We use LF Aligner, which is quite good for the automated pre-alignment and has a good alignment UI. It falters a bit in the text extraction of our PDF files. To compensate for this, we first convert the PDF files to plain text using Microsoft Word and then align the plain text files using LF Aligner 4.1:

For manual alignment we need to be familiar with both languages. Not to the degree of a translator, but we need to be able to identify translations to correct the pre-alignment by merging, splitting, moving around and deleting sentences.
In most cases we will align one sentence in the source language with another sentence in the target language. Sometimes translators decide to translate one sentence with several sentences or even merge multiple sentences into one sentence in the target language - so it is possible to get 1:M and N:1 alignments.
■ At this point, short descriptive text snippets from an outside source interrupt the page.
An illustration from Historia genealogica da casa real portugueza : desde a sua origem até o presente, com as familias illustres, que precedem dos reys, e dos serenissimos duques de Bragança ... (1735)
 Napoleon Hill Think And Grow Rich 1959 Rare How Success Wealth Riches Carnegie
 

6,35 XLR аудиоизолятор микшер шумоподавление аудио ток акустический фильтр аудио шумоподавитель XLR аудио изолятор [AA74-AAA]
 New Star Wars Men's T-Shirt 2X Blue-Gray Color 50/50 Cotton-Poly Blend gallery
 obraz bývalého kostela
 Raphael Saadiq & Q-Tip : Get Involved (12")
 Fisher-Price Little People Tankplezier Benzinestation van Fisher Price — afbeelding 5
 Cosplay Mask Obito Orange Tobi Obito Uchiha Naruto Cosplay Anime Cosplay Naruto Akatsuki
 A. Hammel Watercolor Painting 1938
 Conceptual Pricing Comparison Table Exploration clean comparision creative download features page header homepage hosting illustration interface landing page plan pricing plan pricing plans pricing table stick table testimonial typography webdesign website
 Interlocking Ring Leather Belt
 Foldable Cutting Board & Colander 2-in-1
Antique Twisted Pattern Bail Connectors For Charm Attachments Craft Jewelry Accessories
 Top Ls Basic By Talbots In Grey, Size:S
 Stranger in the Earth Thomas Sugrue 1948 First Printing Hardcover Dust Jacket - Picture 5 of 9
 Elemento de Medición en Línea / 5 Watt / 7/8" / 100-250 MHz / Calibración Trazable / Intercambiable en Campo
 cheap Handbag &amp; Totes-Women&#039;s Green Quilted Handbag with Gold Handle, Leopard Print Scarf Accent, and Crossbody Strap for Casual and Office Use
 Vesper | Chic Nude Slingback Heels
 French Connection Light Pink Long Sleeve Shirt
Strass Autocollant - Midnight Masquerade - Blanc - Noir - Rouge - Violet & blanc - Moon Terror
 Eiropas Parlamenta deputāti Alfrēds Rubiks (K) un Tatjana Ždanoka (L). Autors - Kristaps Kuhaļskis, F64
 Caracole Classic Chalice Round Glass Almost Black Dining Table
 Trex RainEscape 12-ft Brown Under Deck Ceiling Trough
With current MT systems it is quite unlikely that an MT system would do the same, but our evaluation set should reflect what the MT system should do, not what we expect from current technology. We'll discuss the impact of this in the upcoming blog post on evaluation.

We align four different speeches (documents 29633, 29634, 29639 and 29758) by former World Bank president Robert Zoellick.

OmegaT Aligner

We align the most recently added speech by Robert Zoellick - document 31126 - using OmegaT 4.1.5_04_Beta:

OmegaT does very well on the PDF text extraction and pre-alignment. Its alignment UI is very similar to LF Aligner and very functional. The only drawback of the pre-alignment is that the alignment time increases exponentially with the document size, luckily our documents aren't too long. 

Statistics and TMX Files

It took us a little over two hours to align the 1330 segments - the size we are looking for in an MT evaluation set. An experienced aligner can certainly work much faster. The output of the alignment are TMX files that can be downloaded here.

Conclusion

The data set we created has many uses:
  • evaluation set for MT engines - we'll use it for this in the next blog post
  • evaluation set to judge quality of automated sentence alignment - topic of a future blog post
  • translation memory - as such quite small
  • terminology extraction
  • ... 
So even though we have to put a bit of work into aligning documents, we can gain a lot of learning and efficiency out of it over time. We just need make sure to select and align the documents most relevant in short and long term.